Quando vejo o congresso votando o impeachment da forma que votou e Eduardo Cunha e Michel Temer como primeiros beneficiários do ato que jogou na privada o poder do voto de 54 milhões de brasileiros e quando vejo a rede globo, Jair Bolsonaro, Ronaldo Caiado, Aécio Neves, Marcos Feliciano, Janaina Paschoal etc. como grandes incitadores à polarização social e à banalização do principal preceito daquela democracia duramente reconquistada, vejo claros interesses políticos e de forças conservadoras em derrubar um governo que as ameaça. Conservadores clamando por mudanças são um contrassenso semântico e histórico; eles desejam conservar o status quo em seu favor, jamais mudar.

Quando vejo uma “justiça” superpoderosa atuando de forma tão omissa e parcial, protegendo ricos e poderosos, superlotando as cadeias de pobres e sendo tudo o que a verdadeira Justiça não é, enxergo aquele meu sonho de democracia e de um país melhor retrocedendo à condição de pesadelo da ditadura.

Quando vejo o povo em pé de guerra, exigindo punições sem julgamento e o extermínio de uma ideologia, sinto fraquejar minha motivação de viver pela justiça social, pela paz, pelo amor, pela poesia, por um mundo sem guerra, com mais solidariedade e menos egoísmo, com mais sustentabilidade e menos consumismo e minha confiança na democracia é duramente golpeada.

Sempre escrevi conteúdo político, de caráter social, de amor, de paz e de liberdade, por isso sempre escrevi contrariamente à opressão e a qualquer tipo de discriminação.

Nunca escrevi contra pessoas, mas contra um sistema que trocou o valor da vida humana pelo valor do dinheiro e contra um poder nefasto que envolve certas pessoas e as torna tão negativamente importantes.

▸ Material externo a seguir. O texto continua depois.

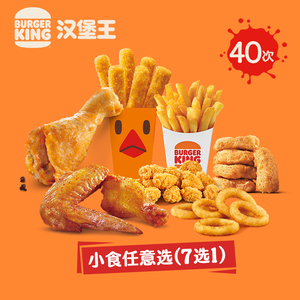 汉堡王 40次小食随心选 多次电子兑换券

Quando escrevo insistentemente sobre minha contrariedade em relação ao impeachment, continuo escrevendo sobre tudo o que sempre escrevi. Infelizmente agora coloco menos beleza em nas palavras, pois esta triste situação salta aos olhos delas.

Eu, meu pensamento e minhas palavras sabemos que a beleza e a esperança ainda existem, mas não estamos tendo facilidade em encontrá-las.

Minhas palavras acreditam que a beleza não se sinta bem em ambiente de ódio, elas creem que o ódio seja o amargo fruto da ignorância e que apenas o esclarecimento possa minguá-lo e nos restituir a beleza, por isso, sinto muito, mas minhas palavras teimam em não mudar de assunto enquanto não conseguirem clarear um pouco mais de belezas.